Mrs. Clinton has largely avoided discussing her husband and his travails as she builds an independent political career. But Mr. Clinton's impeachment and subsequent acquittal on charges of perjury and obstruction of justice turned out to be a hard subject to avoid at Columbia's St. Paul's Chapel. Before an audience of more than 200, most of them legal scholars, Mrs. Clinton recalled a 1973 phone call she made to Black, who had been her professor at Yale Law School. She was calling to ask advice on drafting a memo for the House Judiciary Committee on the impeachment of President Richard Nixon.
The Nixon impeachment process was "the constitutional impeachment of the second half of the 20th century," Mrs. Clinton said yesterday, implying that her husband's impeachment had been unconstitutional.
Nixon resigned before the House of Representatives could vote on impeaching him.
Mrs. Clinton did not specify what she thought was unconstitutional about Mr. Clinton's impeachment. One question raised at the time was whether Mr. Clinton's offenses measured up to the Constitutional standard of "high crimes and misdemeanors."
That was an issue on which Black was a particular expert. His thoughts on the subject were used by those on both sides of the Clinton impeachment fight. His 1974 work, "Impeachment: A Handbook," reprinted in 1999, includes a pair of hypothetical cases that call Mr. Clinton's various travails to mind: that of a president who transports a woman across state lines for "immoral purposes," in violation of the 1915 Mann Act; and of a president who covers up for an aide who has been caught with marijuana.

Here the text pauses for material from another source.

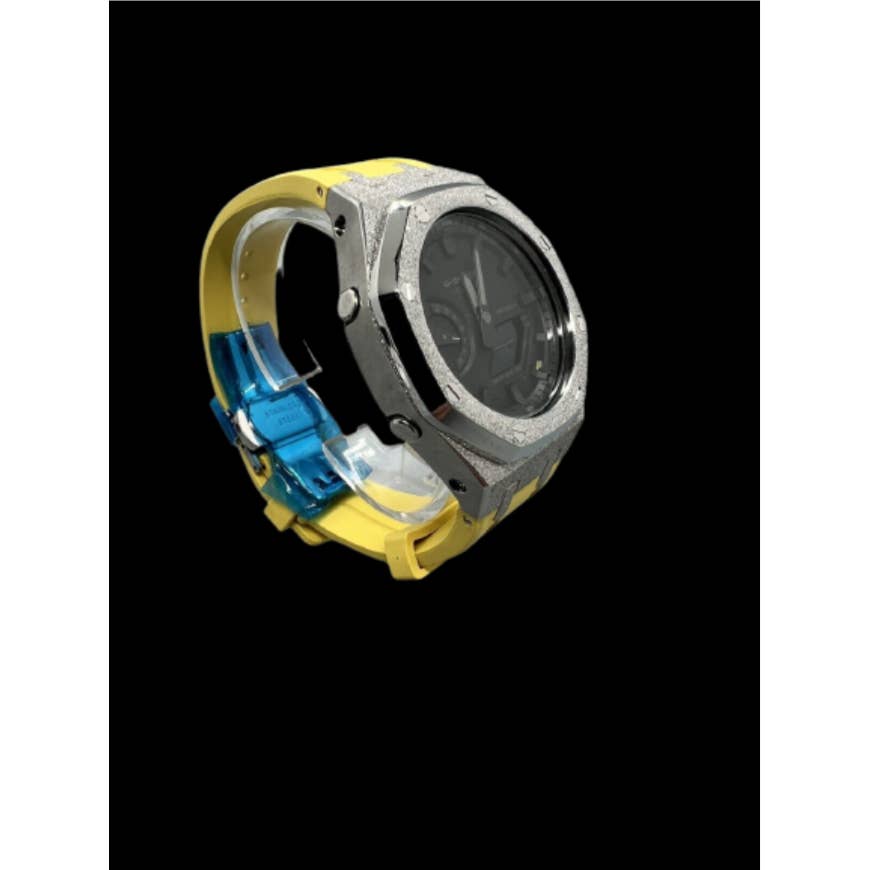 G-Shock GA2100 CasiOak Royal Oak MOD Frosted Steel Bezel Case & Rubber Strap - Different Color Cases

In either case, Black wrote, it would be "absurd" to impeach, and a White House response to the Starr report quoted his work approvingly.

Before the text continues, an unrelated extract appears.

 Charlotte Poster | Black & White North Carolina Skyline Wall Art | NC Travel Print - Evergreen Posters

But Black's work also found favor with the House Republicans prosecuting the impeachment trial. Representative Charles Canady of Florida quoted Mr. Black's statement that "a large-scale tax cheat is not a viable chief magistrate" to argue that Mr. Clinton's actions made it impossible for him to enforce the law.
Still, Mrs. Clinton appeared to feel that her old law professor was on her side. "Unfortunately, in more recent times," she said, referring to the 1998-1999 impeachment process, "Professor Black's treatise wasn't given much attention."
***
Better for the City: An editorial in today's New York Times praises Mayor Bloomberg for doing "very well" in standing "comfortably beside the Rev. Al Sharpton." The Times editorial says, "what Mr. Bloomberg seems to understand is that giving Mr. Sharpton a chance to bask in the limelight is far better for the city than freezing him out."
As is typical in a Times editorial, this view isn't argued so much as it is simply asserted or pronounced from on high. So Times readers are left wondering why it is better -- and not just better, but "far" better -- for the city if Rev. Sharpton has a chance to bask in the limelight. Perhaps the Times thinks that Rev. Sharpton has such a self-destructive and careless streak that if exposed to the limelight he will inevitable be recognized as an empty suit and then be frozen out for good. This argument doesn't hold much weight, because Rev. Sharpton has already had plenty of chances to bask in the limelight -- Crown Heights, Freddy's Fashion Mart, Tawana Brawley -- and as a consequence of his errors in those cases had been justifiably frozen out by Mayor Giuliani. Why start the cycle all over again? Perhaps the Times actually thinks that Rev. Sharpton's message of exaggerated racial victimhood and grievance-nursing at the expense of the police and businesses deserves to be spread more widely, and that increased exposure of this message is "better for the city." Or perhaps the Times thinks that Rev. Sharpton will change his message if he is treated more warmly by the mayor, just like the Times incorrectly thought Yasser Arafat would change his message if he were treated more warmly by Israel. Speculating in this vein makes it easy to understand why these editorial positions aren't argued, just asserted; it's hard to come up with good arguments to back them up. It's also an instance of how the Times is wildly out of step with the views of most New Yorkers. It would be interesting to see what the results would be if you polled New Yorkers on whether they agreed or disagreed with the proposition that "giving Mr. Sharpton a chance to bask in the limelight is far better for the city than freezing him out." Rev. Sharpton's dismal showings in his attempts to get elected to public office are an indicator that New York voters, at least, are happy to freeze him out.